Salman Rüşdi’nin kitabının temeli Şeytan-i Mezhepsel hadis dinlerine dayanır.
Bu uydurma hadis dinlerine göre; bir gün Peygamberimiz Kuran okurken, şeytan Peygamberimiz’in bedeninin içine nüfuz edip, Peygamberimiz’in ağzından Lat, Menat, Uzza putlarını övmüş ve onların şefaatlarının umulduğunu söylemiştir.
Bu uydurmayı gerçek gibi aktaran kaynaklara göre, sonradan Peygamberimiz bunları kendisinin değil, şeytanın söylediğini açıklamıştır.

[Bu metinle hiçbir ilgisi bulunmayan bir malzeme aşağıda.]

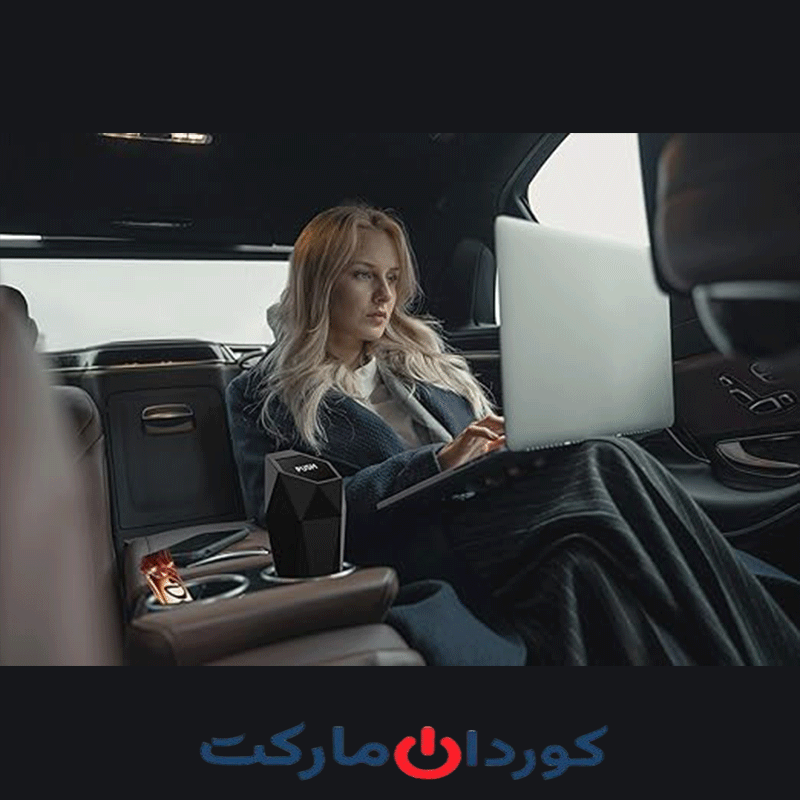 سطل زباله ضد نشت با درب و ۹۰ کیس - Image 3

Birçok Müslümanın Salman Rüşdi’ye küfürler ettiğine, Humeyni’nin Rüşdi’nin öldürülmesine fetva vermesine ve Rüşdi’nin “Şeytan Ayetleri” kitabının ülkelerarası diplomatik krize yol açtığına şahit olduk. Fakat hiç kimse kalkıp da bu uydurma hadisleri, gerçekmiş gibi kitaplarında kullanmış olanları kınamadı.
Bu hadisleri savunan hadisçilere “âlim” etiketi yapıştırılmıştır bir kere. Yani bu hadisleri din adına savunursanız “âlim” olur el üstünde tutulursunuz, Salman Rüşdi gibi aynı hadisleri dinsizlik adına kullanırsanız ise… Biz, dine mal edilen uydurmaları dinden atmazsak; bunları malzeme yapan İlhan Arsel’e, Turan Dursun’a, Salman Rüşdi’ye, Server Tanilli’ye ne kadar kızabiliriz?
Din adına çarpık bir sistemi ortaya çıkaranlar ve muhafaza edenler, din düşmanlarının türemesinde ve söz konusu çarpıklıkları malzeme yapmasında günahsız kalabilirler mi?
İşte Peygamberimiz’in içine bir ara şeytan girdiğini söyleyen bu hadislerin yanında, Allah’ın bu olay üzerine 22-Hac Suresi 52. ayeti ve sonrasını vahyettiği söylenir. Elbette ayetlerden böyle bir olay anlaşılmamaktadır. Ama esbabı nüzulü hadislerle anlamaya kalkanların saplanacağı bataklığa bu uydurma bir örnektir.
Ne yazık ki bu bataklığın örneği çoktur.